Ich richtete mich auf, ich rutschte aus dem Bett und stand mit schwankenden Knien im Zimmer. Ich war aus mir herausgetreten, und willig reihte ich mich in den Reigen der Dinge und ihnen gleichberechtigt ein. Ich trat neben die langgestielten Rosen auf dem Waschtisch, gleichen Wesens bedacht. Die Zentralheizung wärmte nicht mich, nur sich. Ich heizte mich selber. Die Bilder an den Wänden gaben sich schwesterlich zu erkennen: nicht als leibliche Frauen, als Bilder im Rahmen, gleichwie ich ein Bild in hölzern vergoldetem Rahmen war, oben und unten gehalten und gestützt und schächerhaft an die Wand genagelt. Immer kamen auf einen Christus Millionen Schächer.

Das Grammophon klingelte lustig wie eine Straßenbahn.
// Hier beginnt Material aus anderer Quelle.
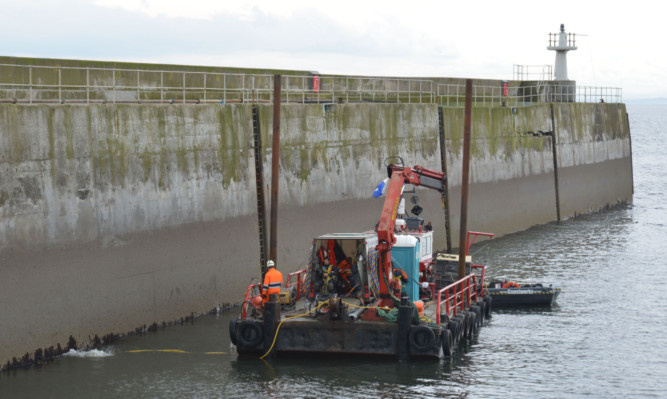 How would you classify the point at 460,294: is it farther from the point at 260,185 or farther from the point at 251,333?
the point at 260,185

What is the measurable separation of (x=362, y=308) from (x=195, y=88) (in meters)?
9.55

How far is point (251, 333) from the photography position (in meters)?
21.7

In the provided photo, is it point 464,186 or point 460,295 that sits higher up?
point 464,186

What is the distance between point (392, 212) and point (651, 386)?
688cm

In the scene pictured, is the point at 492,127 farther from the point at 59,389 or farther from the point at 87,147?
the point at 59,389

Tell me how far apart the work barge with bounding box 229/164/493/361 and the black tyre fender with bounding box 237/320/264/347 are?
22mm

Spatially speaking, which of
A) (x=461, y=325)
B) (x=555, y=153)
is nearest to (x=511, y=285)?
(x=461, y=325)

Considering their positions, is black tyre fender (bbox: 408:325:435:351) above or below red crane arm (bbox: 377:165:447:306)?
below

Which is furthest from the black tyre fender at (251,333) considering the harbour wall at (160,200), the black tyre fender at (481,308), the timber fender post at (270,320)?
the black tyre fender at (481,308)

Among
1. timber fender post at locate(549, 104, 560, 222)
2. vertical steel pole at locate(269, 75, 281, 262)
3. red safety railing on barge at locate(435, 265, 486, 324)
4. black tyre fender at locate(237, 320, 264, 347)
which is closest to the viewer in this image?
black tyre fender at locate(237, 320, 264, 347)

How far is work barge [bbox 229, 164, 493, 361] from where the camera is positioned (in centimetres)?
2100

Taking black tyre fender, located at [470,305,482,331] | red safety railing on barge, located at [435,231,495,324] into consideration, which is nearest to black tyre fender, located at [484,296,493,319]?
red safety railing on barge, located at [435,231,495,324]

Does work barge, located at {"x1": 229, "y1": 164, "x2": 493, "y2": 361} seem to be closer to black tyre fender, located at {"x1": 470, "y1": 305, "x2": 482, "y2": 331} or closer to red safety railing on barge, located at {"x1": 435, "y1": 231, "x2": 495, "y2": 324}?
red safety railing on barge, located at {"x1": 435, "y1": 231, "x2": 495, "y2": 324}

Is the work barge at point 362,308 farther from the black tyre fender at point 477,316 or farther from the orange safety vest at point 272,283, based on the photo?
the black tyre fender at point 477,316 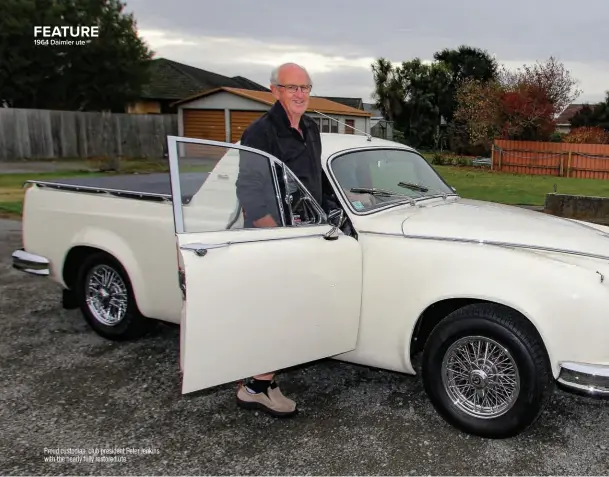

Den Wagen dieser Töne betrat ich träumerisch zu ferner Fahrt. Ich hob die Füße, mit den Händen mußte ich die Hose meines violetten Pyjama halten, daß sie nicht falle und mich am Schreiten hindere. Immer höher stieg ich und bestieg die Wendeltreppe, die mich auf das Verdeck des Wagens führte. Dort ließ ich mich nieder und sah die Stadt steil unter mir. Rauch lag moosig über den Fabriken. Benzingeruch erfüllte die sonnige Luft. Der Fluß glänzte im beglückenden Bewußtsein des Ziels, nach dem es ihn strömend trieb. Kräne bewegten sich wie eiserne Arme auf und nieder. Bald zeigte ein Arm zum Himmel, bald zur Erde. Bald zum Fluß. Glocken klangen von allen Kirchen. Im Chor ihrer Gesänge erhob ich mich vom oberen Verdeck, grad als der Autobusschaffner mir das Billet hinreichte, und schritt, den Kopf zurückgeworfen, strahlend quer durch die Luft.